For containerized deployment and monitoring, define `/health` and `/ready` endpoints. These are essential for Docker orchestration and load balancer configuration.

### S6. The `apps/admin` Directory Implies a Web Admin Panel

The spec mentions it as "Optional web admin panel" but does not define its relationship to the Tauri desktop client. If both exist, is it a separate SPA build? Does it share the `packages/ui-components` library? Clarify whether this is in scope or should be removed to avoid confusion.

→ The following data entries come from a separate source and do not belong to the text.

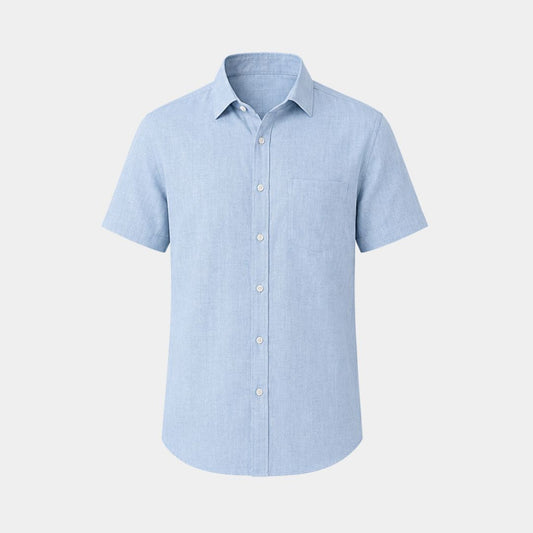 light grey coloured plain european linen (SD 118)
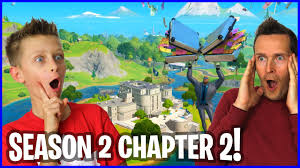 Chapter 4 battle pass and map changes! New Season 2 Updates With Ronaldomg Youtube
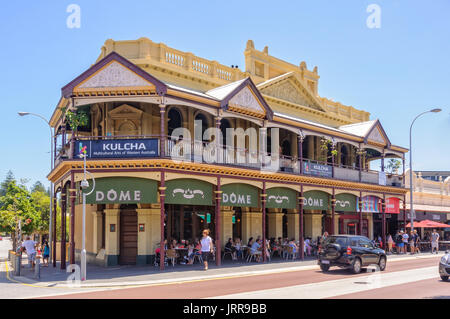 L'Evan Davies bâtiment a été ouvert pour la première fois en 15 mars 1899 que l'Institut Littéraire - Fremantle, WA, Australie Banque D'Images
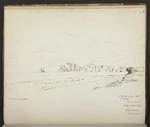 Mantell, Walter Baldock Durrant, 1820-1895 :Oteaki river (bed) and caves. Limestone?? Friday 17th Dec 1852.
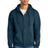 Jerzees Men's Rugged   Full-Zip Hooded Sweatshirt Z12M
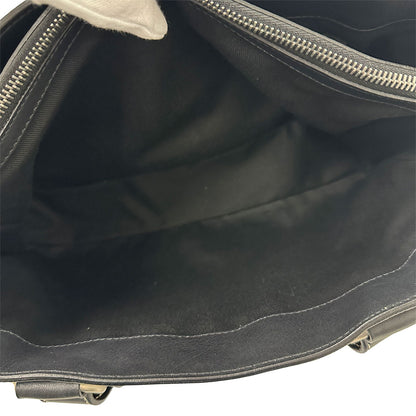 CELINE セリーヌ ブギーバッグ ハンドバッグ ブラック レザー レディース 【中古】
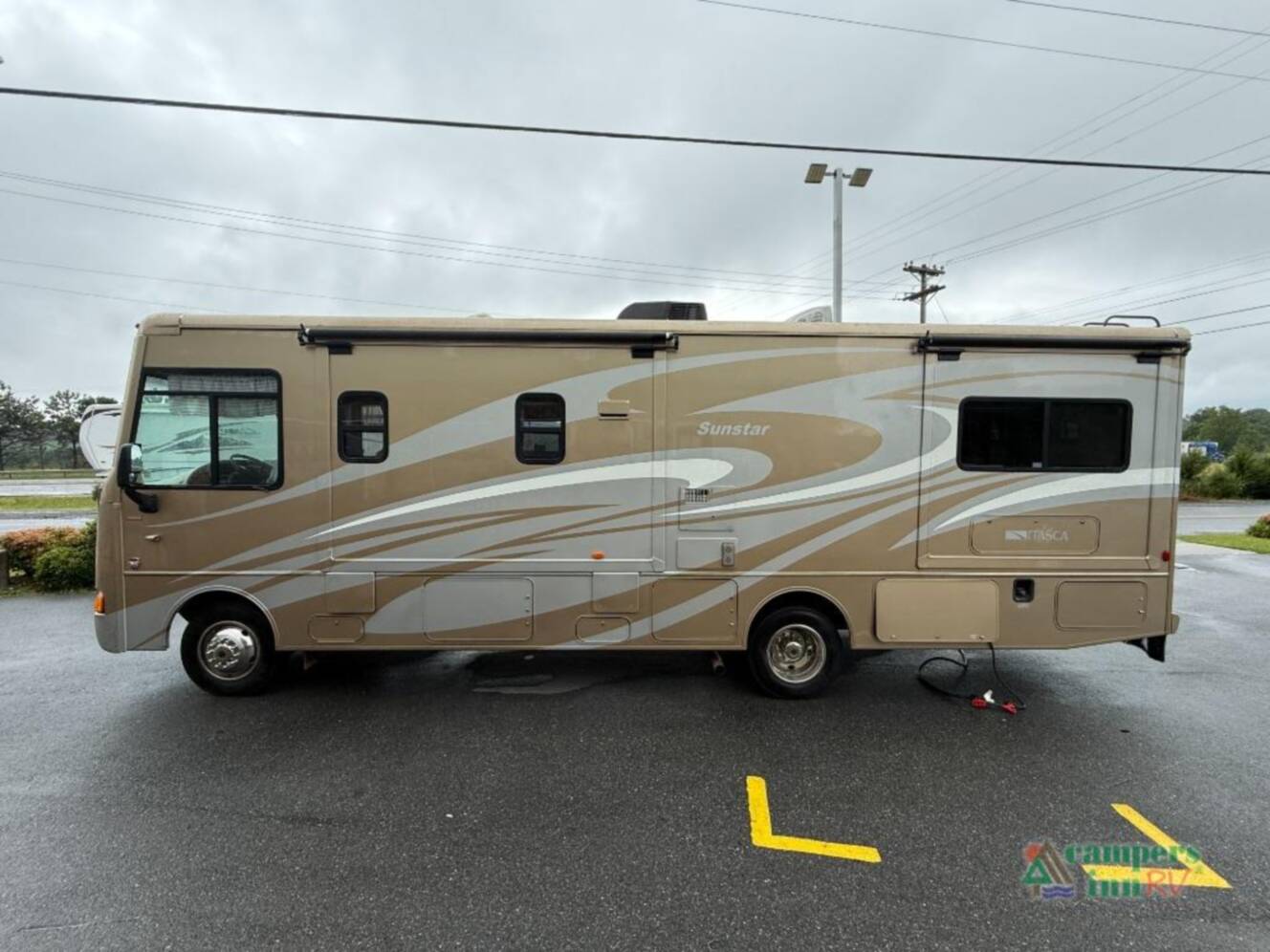 A photo of this 2012 Itasca Sunstar 30T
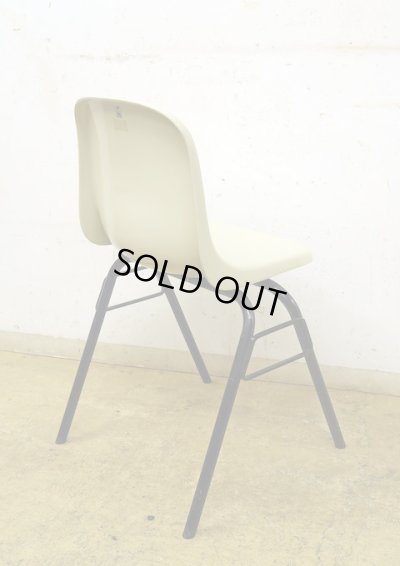 画像7: コトブキ スタッキングチェア アイボリー B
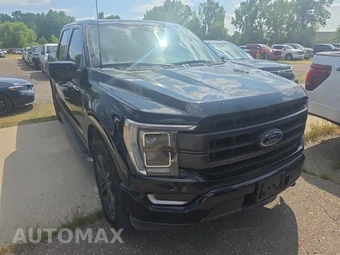 2022 Ford F-150 LARIAT Crew Cab Short Bed - miniatura 3
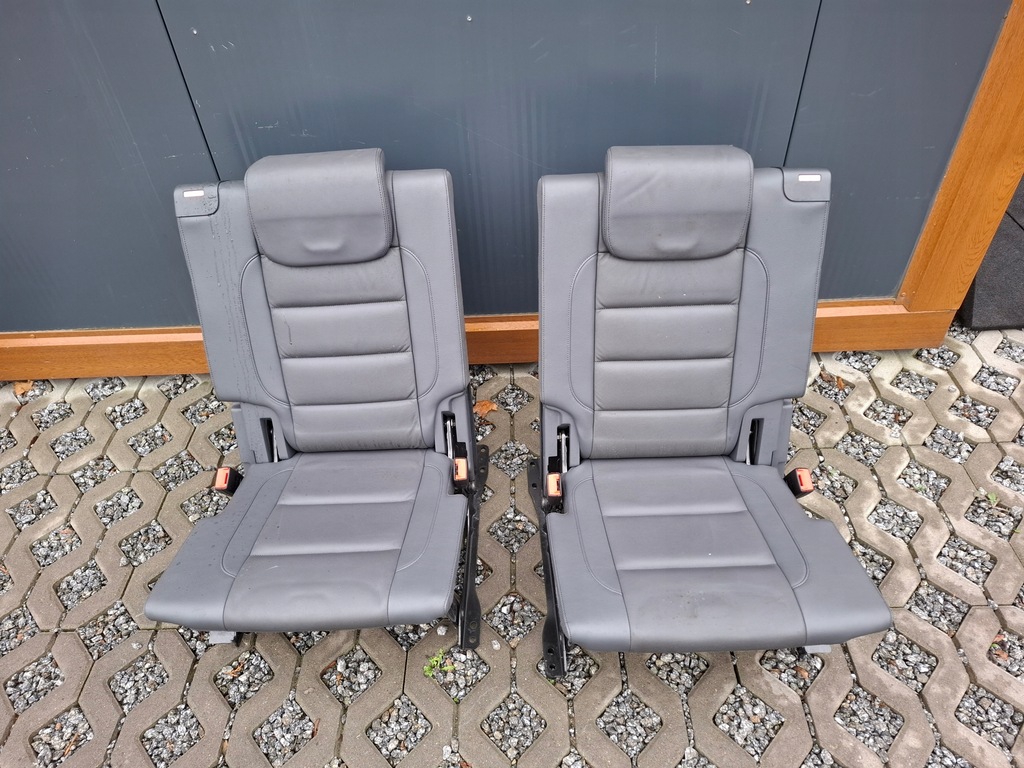 фото №1, Сидіння vw touran 3 ряд шкіра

### S7. Timeline Estimates May Be Tight

The total roadmap is 10-15 weeks. For a solo developer or small team building a BPMN workflow engine from scratch in Rust, Phase 4 (3-4 weeks) is extremely aggressive. Consider:
- Phase 4 should be 5-8 weeks for a usable workflow engine
- Phase 1 should include CI/CD pipeline as a deliverable, which can take 3-5 days alone
- Total realistic estimate: 14-22 weeks for a solid base

---

## Consistency Check

| Check | Result |
|-------|--------|
| Module API prefixes consistent | PASS - all use `/api/v1/{module}/` |
| Data model matches API surface | PARTIAL - no API for Organization CRUD, Policy CRUD, or Position CRUD in Auth |
| Crate structure matches module list | PASS |
| Tech stack choices are compatible | PASS - Axum + Tokio + SeaORM + redis-rs are a well-tested stack |
| Multi-tenant strategy is applied consistently | PARTIAL - some APIs use `/:tenant_id` in path (Config menus) while Auth relies on middleware injection. Should be consistent. |
| UI features match backend capabilities | PASS |
| Roadmap phases align with module dependencies | PASS - Auth first, then Config, then Workflow (which depends on both) |

---

## Security Gap Analysis

| Area | Status | Notes |
|------|--------|-------|
| Password hashing (Argon2) | Covered | Good |
| JWT authentication | Partially covered | Missing token revocation, rotation |
| SQL injection | Implicitly covered | SeaORM parameterized queries |
| XSS | Not addressed | Should specify CSP policy for Tauri |
| CSRF | Not applicable | Tauri desktop, not browser-based |
| Rate limiting | Not specified | Mentioned in verification plan but not in design |
| Input validation | Not specified | No validation strategy defined |
| CORS | Not specified | Needed if web admin panel is built |
| Secret management | Not specified | Where do JWT secrets, DB credentials, Redis passwords live? |
| Audit trail | Mentioned but not specified | See I4 above |
| Data encryption at rest | Not addressed | Relevant for private deployment customers |
| Backup/restore security | Not addressed | |
| Tenant data isolation verification | Covered | In verification plan |

---

## Summary

The specification provides a strong architectural vision and reasonable technology choices. However, it has five critical gaps that would block or severely impair implementation:

1. **C1** - No error handling strategy
2. **C2** - No event bus specification (despite being a core design principle)
3. **C3** - No API versioning and contract governance
4. **C4** - No multi-tenant migration strategy
5. **C5** - Workflow engine scope is unrealistic for the stated timeline

And seven important issues that should be addressed before coding begins:

1. **I1** - No deployment/operations architecture
2. **I2** - Incomplete authentication token lifecycle
3. **I3** - No concurrency and transaction strategy
4. **I4** - Audit logging mentioned but not specified
5. **I5** - No module registration/plugin interface defined
6. **I6** - Numbering rules too simplistic for ERP use
7. **I7** - Desktop-backend communication protocol undefined

**Recommendation:** Address all five CRITICAL issues and the IMPORTANT issues before beginning Phase 1. The CRITICAL issues represent architectural foundations that are extremely expensive to retrofit. The IMPORTANT issues represent functionality that will be needed within the first three phases of development.

The spec should move from `Status: Draft` to `Status: Under Review` until these issues are resolved.